5-2

 王は冷たい石の上でひとり絶命した。今まで吸い取ってきた時間が王妃の元に戻ったのだ。

 逆に王妃は今頃本来の年齢を取り戻していることだろう。


 少女は指をもう一度鳴らして幻術を解いた。飛び回る虫、迫る民衆の声、フクロウ面に刻まれた文様を用いた精神錯乱、更に周囲の景色。このすべてが、任務を通して練り鍛えた幻覚魔法によるものであった。術の解けたその部屋は、明かりのない霊廟ではなく、ただの王宮の地下──これまで数々の死体の秘密を暴いてきた地下室だった。


 しかし、暗部の諜報員たちの反乱はこれで終わりではない。



「ご苦労だった、オウル」



 背後の陰から鷲面が音もなく現れた。

 少女は驚かず、目礼を返した。



「いいえ。こちらこそ、国内のことをすべてお任せしてしまって」

「この作戦はお前あってのものだ、負担が一番多いのはお前なのだから、他のことを請け負うのは当然のこと。気にすることはない」



 イーグルは王の残骸を見下ろした。面の向こうでどんな顔をしているのかは見えない。が、オウルはその横顔にどことなく哀愁を垣間見た気がした。



「……愚かな王だった」

「そうですね」

「見届けたのが我々だけとは、何とも寂しい死に方だ」

「…………」



 失言だったな、とイーグルは小さく息をついて苦笑した。

 イーグルの、仕事の染みついた手が杖を受け取る。のちのち周辺国の技術者に解析を頼む予定なのだ。



「では、私は行くとするよ。各地の仲間からそろそろ何かしらの伝達があるはずだ。クロウ」



 イーグルの一声で闇の奥からクロウが姿を現した。いつものように黒ずくめの彼は、真顔だと本当に不気味な男だ。普段ならば一言二言の冗談も飛ばすところだが、クロウは何も発さない。



「彼女を頼む」

「承知」

「うむ。……オウル」



 鷲面に隠れていない初老の口元が言葉を探して迷う。長年愚王のもとで仕事一筋だったイーグルは、気に掛けている少女をおもんばかる一言がいつも出て来ない。
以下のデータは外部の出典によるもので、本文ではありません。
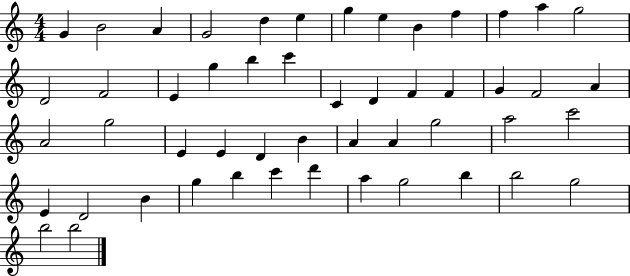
X:1
T:Untitled
M:4/4
L:1/4
K:C
G B2 A G2 d e g e B f f a g2 D2 F2 E g b c' C D F F G F2 A A2 g2 E E D B A A g2 a2 c'2 E D2 B g b c' d' a g2 b b2 g2 b2 b2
 そして今日も上手い言葉が出て来なかった。これで最後だというのに。



「……すまなかった」



 それだけ言い残し、イーグルは陰に溶けるようにして姿を消した。

 その陰に向かってオウルは一礼した。言葉はなくとも、深く。




 顔を上げた少女がひとつ、深く呼吸をする。

 そして床から面を拾い上げ、被り直した。〈梟〉としての、彼女の最後のひと仕事だ。



「検死官、始めます。記録をお願いします」

「了解しました」



 オウルの呼び掛けに暗がりから手術着の男が歩み出る。オウルと馴染の、あの検死官だ。

 クロウはこの男も反乱チームに組み込んでいたのだった。最初こそ驚いていた検死官だったが、「王の検死などなかなかできるものではないですね!」と興奮気味に参加承諾を示したのだった。異常なテンションは睡眠不足のせいもあったのだろうが、クロウが引いたのも無理はない。



「クロウ」

「……おう」



 ようやくクロウが声を発した。

 いつもはからかうように端が上がっているその口は、今はキュッと真一文字に結ばれている。



「見ててね」

「ああ。見届ける」



 面から伸びる羽飾りを揺らして、オウルは死体に向き直った。

 そして唱える。



「──『死人に口有りネクロ・メモリア』」



 青白い光がまばゆく通路を満たし、風が巻き上がる。

 黒いフードが払われ、オウルの艶やかな髪が露わになる。

 死体の上の宙に王の長い一生が青白く映し出される。脳内に流れ込む映像を解析し、彼女が紡いだ言葉を検死官が記録用紙に書き留める。



 カラス面の奥の視線は、王の死体でも、記録用紙でも、まして映像でもないところに向けられていた。


 風に遊ぶ見事な黒髪は、赤い髪飾りでくくられていた。